### Records to process
================

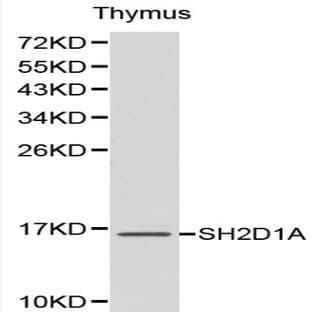 SH2D1A pAb avatar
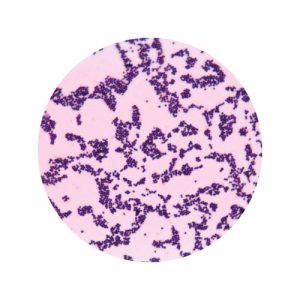 Gram, Lugol, Azul de lactofenol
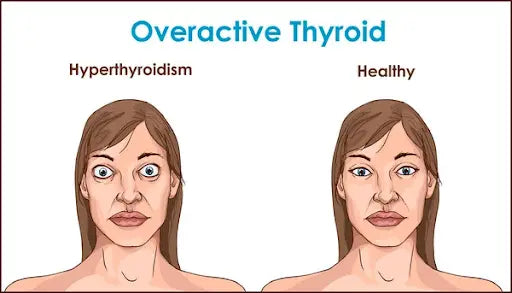 Thyroid and excessive sweating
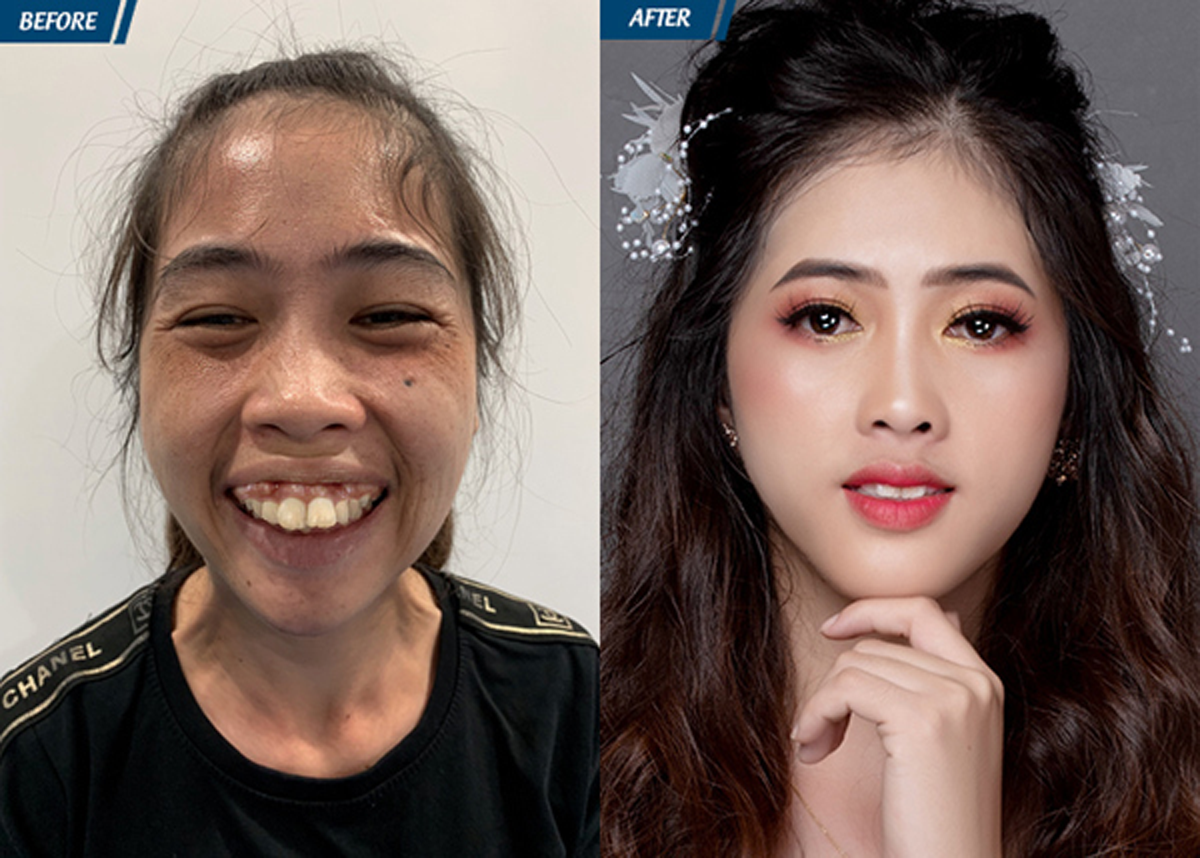  Gương mặt xinh đẹp của Mỹ Thuận sau khi phẫu thuật hàm hô thành công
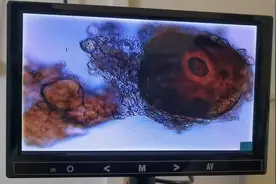 前列腺冲击波治疗，先打通出口，再打深处，效率更高。视频封面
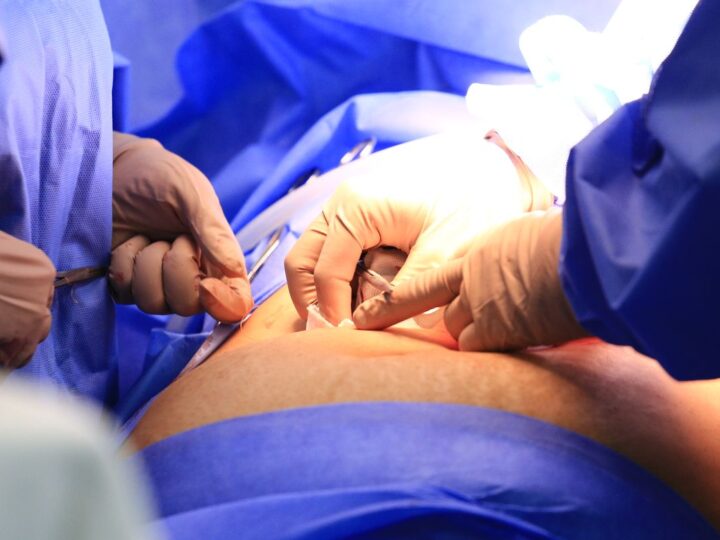 Ceará realiza cirurgia torácica robótica em paciente do SUS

================

### Task requirements
All that the answer may contain is the exact text of the lines from the one with "前列腺冲击波治疗，先打通出口，再打深处，效率更高。视频封面" through the last line of the material, pictures excluded.

### Response
 前列腺冲击波治疗，先打通出口，再打深处，效率更高。视频封面
 Ceará realiza cirurgia torácica robótica em paciente do SUS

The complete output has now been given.